Following on from the completed compost bays, I thought I would share some of our other handiwork in the garden. Unlike the compost bays, we needed to purchase the materials for our latest endeavours.
Growing food crops invariably invites other critters who also deem it to be food. While I am reasonably happy to share, I am not keen on seeing the entire crop destroyed.
This year has seen the inclusion of an additional pest in our garden – the citrus fruit piercing moth. From what I have read it would appear that this is as a direct result of the extended period of drought last year followed by good rain.
We have an orchard of numerous citrus trees which generally produce a bumper crop each year but 2020 is not shaping up so well. We have lost the entire crop of Washington navel oranges as well as the majority of the grapefruit. These are the earliest maturing of the citrus and we are less able to assess the losses on the two Valencia orange trees as well as the two mandarins. Fortunately, the lemon and lime trees do not appear to have been attacked much at all.
In normal seasons the only real pest to the citrus trees seems to be the scrub turkeys helping themselves. They particularly like the mandarins.
I had previously read about using poly pipe and star pickets to create a frame for netting to cover fruit trees, however, we had never implemented this method. A few years ago we had simply tried draping the netting directly over the tree but while it was relatively effective the netting ended up with rips in it.
The arrival of the citrus fruit piercing moth spurred me into action and we bought the supplies to create the poly pipe frame for the mandarin tree. We chose to do this one first as it seemed to have very little damage so far which is probably due to the fruit still being quite green. Everything I have read plus my own observation indicates that the moth attacks ripening fruit.
We used an unused net which we had over the new poly pipe frame.
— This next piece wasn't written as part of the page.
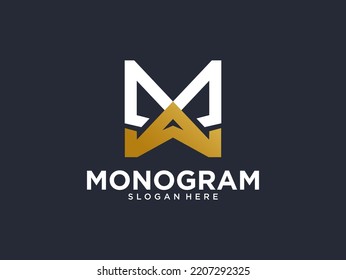 diseño elegante de la letra M y el logotipo A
The net barely reaches the ground and I am not sure how diligent the moths are when it comes to finding their way in. I plan to extend the length a little by adding an extra piece of netting to the bottom edge. This will be salvaged from the previously damaged net.
The next job is to monitor the tree by torchlight at night to check for any moths which are already inside the netting.
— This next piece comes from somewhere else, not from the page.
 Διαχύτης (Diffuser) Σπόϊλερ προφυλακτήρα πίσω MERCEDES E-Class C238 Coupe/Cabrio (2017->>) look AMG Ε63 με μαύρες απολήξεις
If the netting of the mandarin tree proves to be successful in eliminating the moth as well as the scrub turkeys we will consider doing at least some of the other citrus trees.
While we were buying the supplies we made sure we also bought enough to create poly pipe tunnels over at least a couple of the garden beds. The critter I had in my sights this time was the white cabbage moth. Unlike the citrus fruit piercing moth, there are many and varied home-remedies to deter these pests. However, the best prevention is to eliminate them from the brassica garden entirely.
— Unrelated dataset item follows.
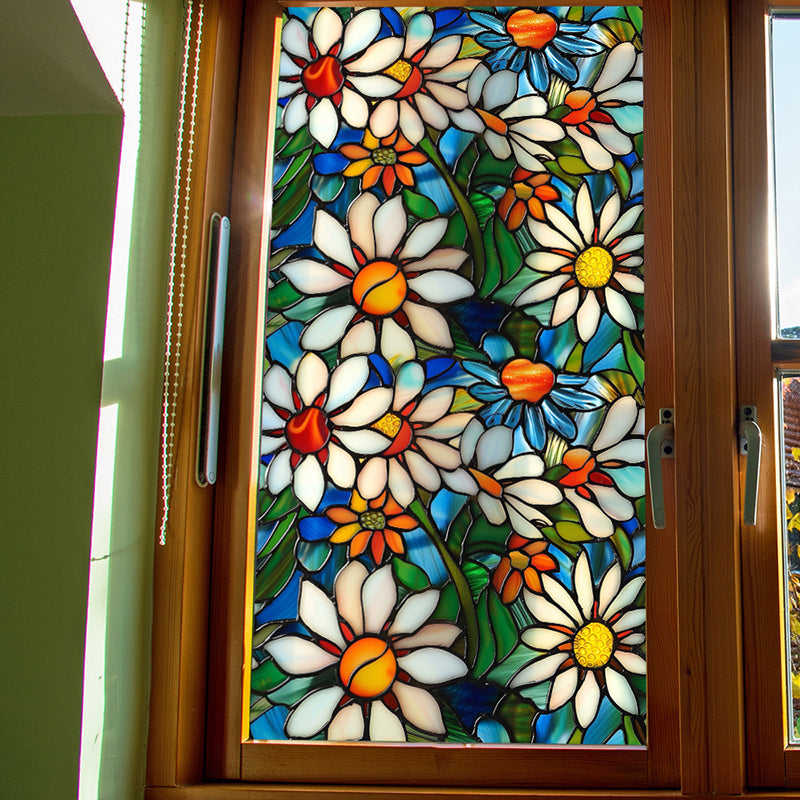 Double-sided colorful flower static glass sticker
I am determined to grow a successful crop of cauliflower this year so I used more of the poly pipe to create hoops over the bed.
Using some of the damaged fruit tree netting I set about making a cover.
I included shaped ends so that it fits neatly over the hoops.
There are a few holes which need to be patched but I am confident that this will make a difference.
I regard the money spent on supplies to create these exclusion zones as a worthwhile investment as there are a few hundred dollars worth of produce at stake – and that is just in one season.